YOUR OBJECTIVE =
In the entries that follow, the line with "Ibis Styles Tours Centre 73/74" opens the range and the line with "Thumbnail: 2026 Chevrolet" closes it; repeat that range exactly, both lines included.

MATERIAL SHOWN =

★ ★ ★

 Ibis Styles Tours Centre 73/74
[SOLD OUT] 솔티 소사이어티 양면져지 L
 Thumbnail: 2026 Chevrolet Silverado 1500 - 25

★ ★ ★

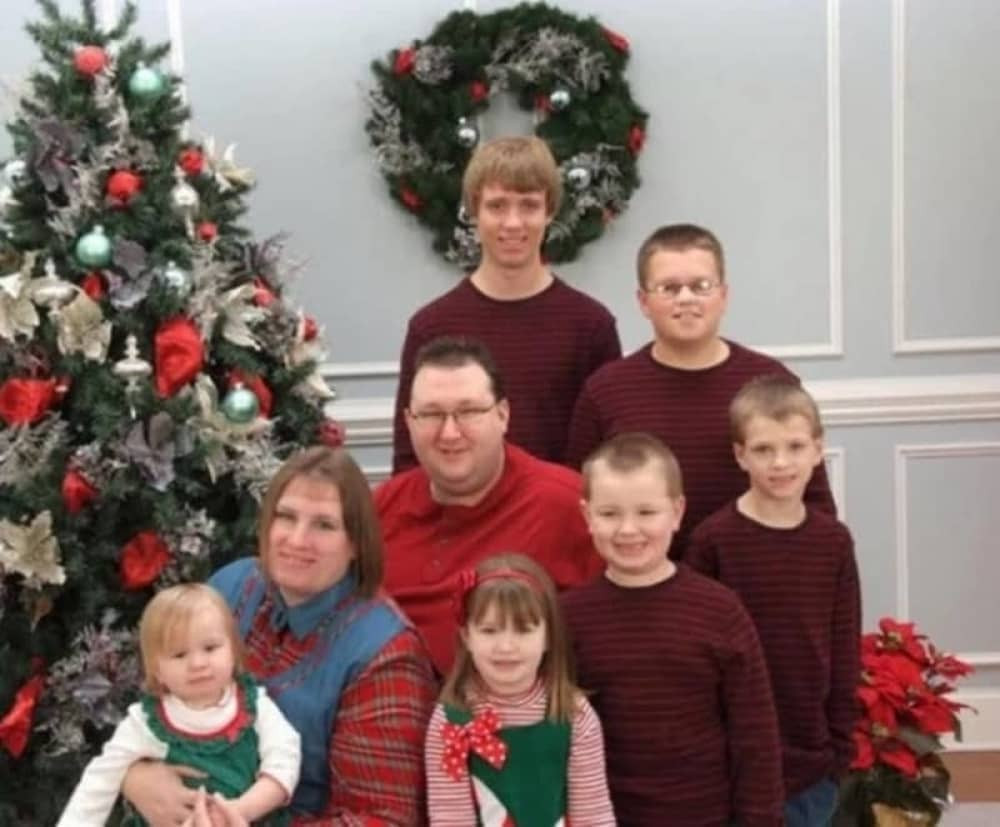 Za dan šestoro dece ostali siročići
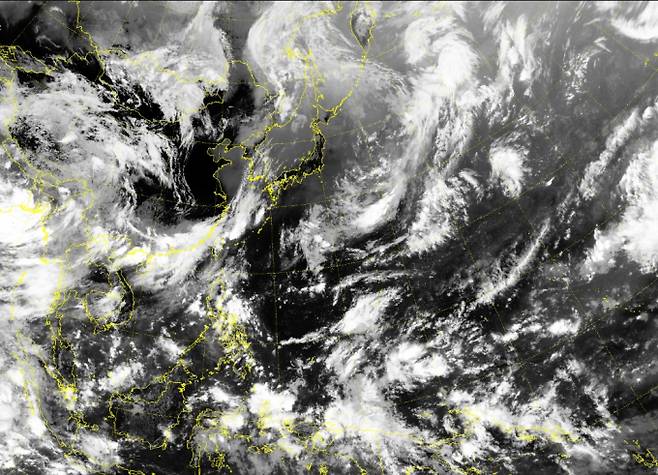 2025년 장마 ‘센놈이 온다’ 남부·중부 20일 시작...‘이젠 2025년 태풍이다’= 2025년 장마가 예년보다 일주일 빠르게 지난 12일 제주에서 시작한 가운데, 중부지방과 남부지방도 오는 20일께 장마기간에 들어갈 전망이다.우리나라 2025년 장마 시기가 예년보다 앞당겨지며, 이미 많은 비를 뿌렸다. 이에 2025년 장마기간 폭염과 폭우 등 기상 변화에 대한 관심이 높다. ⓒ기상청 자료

★ ★ ★

RESULT OF THIS TASK =
 Ibis Styles Tours Centre 73/74
[SOLD OUT] 솔티 소사이어티 양면져지 L
 Thumbnail: 2026 Chevrolet Silverado 1500 - 25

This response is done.